By Kyle Harcott
Sentimental fool that I am, I go through it every year: another round of trying to find the best possible Christmas music for a personal mixtape, as to avoid being subjected to the horrid, standard-fare Xmas schmaltz at every possible turn (yeah, I really need to hear Bryan Adams’ insipid cover of “Run Run Rudolph” again when I go for my morning coffee – bah humbug). Sonic chestnuts of Antivenin Christmases Past have included the New Bomb Turks’ overdriven, garage-punk rendition of “Christmas (Baby Please Come Home)”, Engine Kid’s feral, droning “Little Drummer Boy”, or the entire A John Waters Christmas album. This year my search began late, in the second week of December – but I lucked out when I found this year’s shoe-in for Xmas Song of the Year in the glorious new (digital-only at this point) Jesu single, Christmas.
Recorded and mixed over Nov-Dec 2010 during sessions for the forthcoming Jesu LP, Christmas was “inspired by the onset of the Christmas period and emotions and feelings of nostalgia, joy, and sadness that the period often evokes.” There are three tracks total: the original Jesu mix and two remixes, one each by Justin Broadrick’s alter egos Pale Sketcher and FINAL.
The first track, the original Jesu mix, is classic.
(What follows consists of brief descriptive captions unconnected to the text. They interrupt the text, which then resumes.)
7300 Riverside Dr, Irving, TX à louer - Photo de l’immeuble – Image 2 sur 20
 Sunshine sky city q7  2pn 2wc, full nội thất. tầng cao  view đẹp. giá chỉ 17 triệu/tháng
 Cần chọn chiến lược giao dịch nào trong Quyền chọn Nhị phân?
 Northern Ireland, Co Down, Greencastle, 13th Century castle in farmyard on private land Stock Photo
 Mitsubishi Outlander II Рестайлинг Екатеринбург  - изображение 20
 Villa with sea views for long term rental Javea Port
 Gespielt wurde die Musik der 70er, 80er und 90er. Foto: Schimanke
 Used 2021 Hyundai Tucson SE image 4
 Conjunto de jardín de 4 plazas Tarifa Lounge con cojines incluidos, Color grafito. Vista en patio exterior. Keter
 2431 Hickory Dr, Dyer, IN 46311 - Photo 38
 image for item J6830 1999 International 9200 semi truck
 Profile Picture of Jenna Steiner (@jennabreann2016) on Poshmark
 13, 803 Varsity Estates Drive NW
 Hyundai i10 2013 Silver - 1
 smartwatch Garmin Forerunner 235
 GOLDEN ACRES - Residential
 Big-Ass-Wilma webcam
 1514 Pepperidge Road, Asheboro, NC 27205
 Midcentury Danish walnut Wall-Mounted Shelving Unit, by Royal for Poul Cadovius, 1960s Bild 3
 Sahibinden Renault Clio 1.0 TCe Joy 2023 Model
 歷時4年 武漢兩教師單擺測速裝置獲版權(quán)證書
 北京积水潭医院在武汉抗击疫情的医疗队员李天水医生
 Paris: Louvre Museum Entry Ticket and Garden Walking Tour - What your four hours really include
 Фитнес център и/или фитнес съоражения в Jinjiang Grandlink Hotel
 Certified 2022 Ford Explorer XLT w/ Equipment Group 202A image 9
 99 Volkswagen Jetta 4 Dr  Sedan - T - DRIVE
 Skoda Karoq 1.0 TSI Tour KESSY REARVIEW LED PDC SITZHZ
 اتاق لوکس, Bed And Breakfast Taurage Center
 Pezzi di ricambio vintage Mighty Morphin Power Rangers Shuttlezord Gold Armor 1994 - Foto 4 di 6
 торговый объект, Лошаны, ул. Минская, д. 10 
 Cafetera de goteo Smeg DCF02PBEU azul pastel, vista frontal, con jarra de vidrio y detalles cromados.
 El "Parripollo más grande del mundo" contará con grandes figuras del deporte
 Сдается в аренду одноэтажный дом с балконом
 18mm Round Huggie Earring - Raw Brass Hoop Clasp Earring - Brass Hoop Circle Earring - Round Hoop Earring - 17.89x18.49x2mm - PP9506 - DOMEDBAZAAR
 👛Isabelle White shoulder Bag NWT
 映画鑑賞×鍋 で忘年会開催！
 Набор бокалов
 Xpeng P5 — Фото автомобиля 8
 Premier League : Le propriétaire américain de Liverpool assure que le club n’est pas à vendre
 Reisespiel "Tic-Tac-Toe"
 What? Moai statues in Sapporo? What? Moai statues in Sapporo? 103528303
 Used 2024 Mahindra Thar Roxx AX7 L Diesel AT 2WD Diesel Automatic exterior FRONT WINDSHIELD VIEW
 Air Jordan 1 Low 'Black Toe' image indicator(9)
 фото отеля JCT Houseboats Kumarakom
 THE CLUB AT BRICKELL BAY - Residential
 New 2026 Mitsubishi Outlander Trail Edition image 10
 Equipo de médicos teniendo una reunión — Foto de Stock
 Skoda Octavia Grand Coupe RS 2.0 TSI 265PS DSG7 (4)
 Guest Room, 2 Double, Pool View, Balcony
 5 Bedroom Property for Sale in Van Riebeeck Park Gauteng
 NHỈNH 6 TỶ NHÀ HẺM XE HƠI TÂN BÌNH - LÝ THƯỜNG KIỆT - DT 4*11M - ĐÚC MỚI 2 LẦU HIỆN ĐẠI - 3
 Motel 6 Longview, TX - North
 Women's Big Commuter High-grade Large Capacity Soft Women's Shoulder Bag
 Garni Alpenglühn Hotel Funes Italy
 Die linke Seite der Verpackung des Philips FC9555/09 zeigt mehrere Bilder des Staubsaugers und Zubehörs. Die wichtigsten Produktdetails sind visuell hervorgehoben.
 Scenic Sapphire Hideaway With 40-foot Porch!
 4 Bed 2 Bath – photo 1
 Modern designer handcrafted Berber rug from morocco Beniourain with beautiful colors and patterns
Expectedly throbbing, droning, and rich with those enveloping swaths of guitar we’ve all loved since first hearing hints of them on Selfless, the Jesu mix of “Christmas” is as overt as Broadrick gets with this project: Pig-thick sheet-metal guitar that rolls through the headphones like early-winter thunder, and toward the end a brief plaintive acoustic break accompanied by ominous tubular bells, only to be jettisoned in favor of a return to those roaring slabs of guitar in the coda. All accompanied by a pleading, half-a-step-from-monotone vocal from Broadrick. As filled with hope as it is grief, the song is classic, perfect Jesu.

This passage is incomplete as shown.